The module has been split into three sub-modules:
- Parser - responsible only for parsing HTML
- Crawler - visit pages and return the result set
- Database insert - save the result set in database
fmt.Println("Run Database")
db := Connect()
stmt := PrepareSaveQueryStmt(db)
defer stmt.Close()
defer db.Close()
// Visit the first 1-10 pages
for pageSubtitles := range CrawlPages(1, 10) {
fmt.Println("Result", pageSubtitles)
SaveCrawlResult(stmt, pageSubtitles)
}
Query example to get top movies:
SELECT
movie_id as id,
data->'Views' as views,
data->'Name' as name,
data->'Created' as created,
data->'Genres' as geners
FROM
sub.movies
WHERE
(data->>'Views')::numeric > 1000
AND
(data->>'Created')::date > current_date - interval '60' day
ORDER BY views DESC;
Make sure you have installed Go v1.5+ and PostgreSQL 9.5+ (using upsert query).

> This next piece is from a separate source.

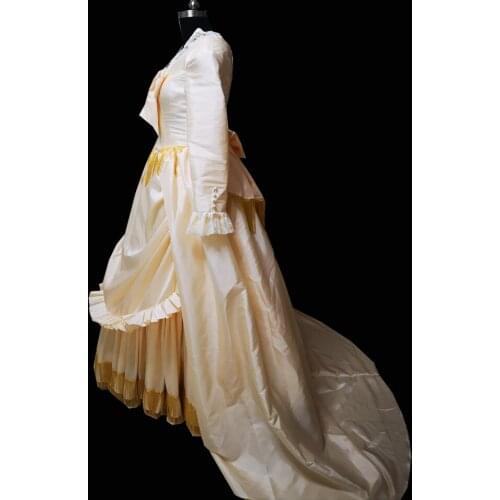 New champagne Vintage costumes 18th Duchess Retro medieval Renaissance Reenactment Theatre Civil war Victorian dress D-337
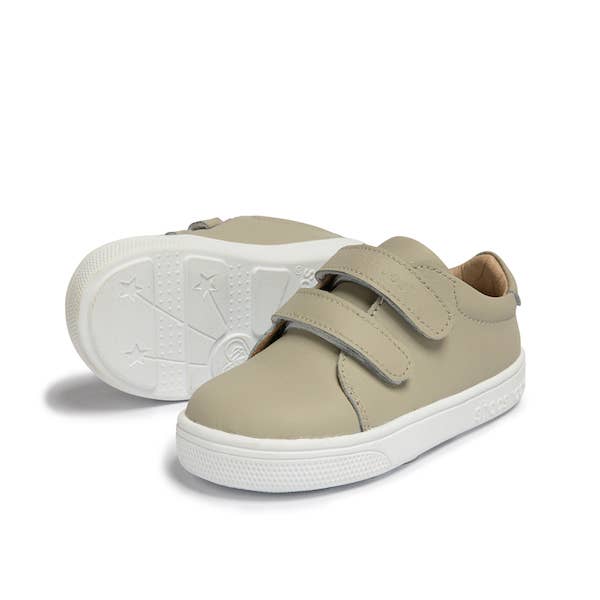 Leather Kids Velcro Sneakers - Gray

Package dependencies used:
- github.com/PuerkitoBio/goquery - query from HTML
- github.com/lib/pq - PostgreSQL driver
When using the database module, you have to set the PostgreSQL connection string
in env variable DATABASE_URL
.
Make sure you have setup the database before inserting data /db/deploy.sql
MIT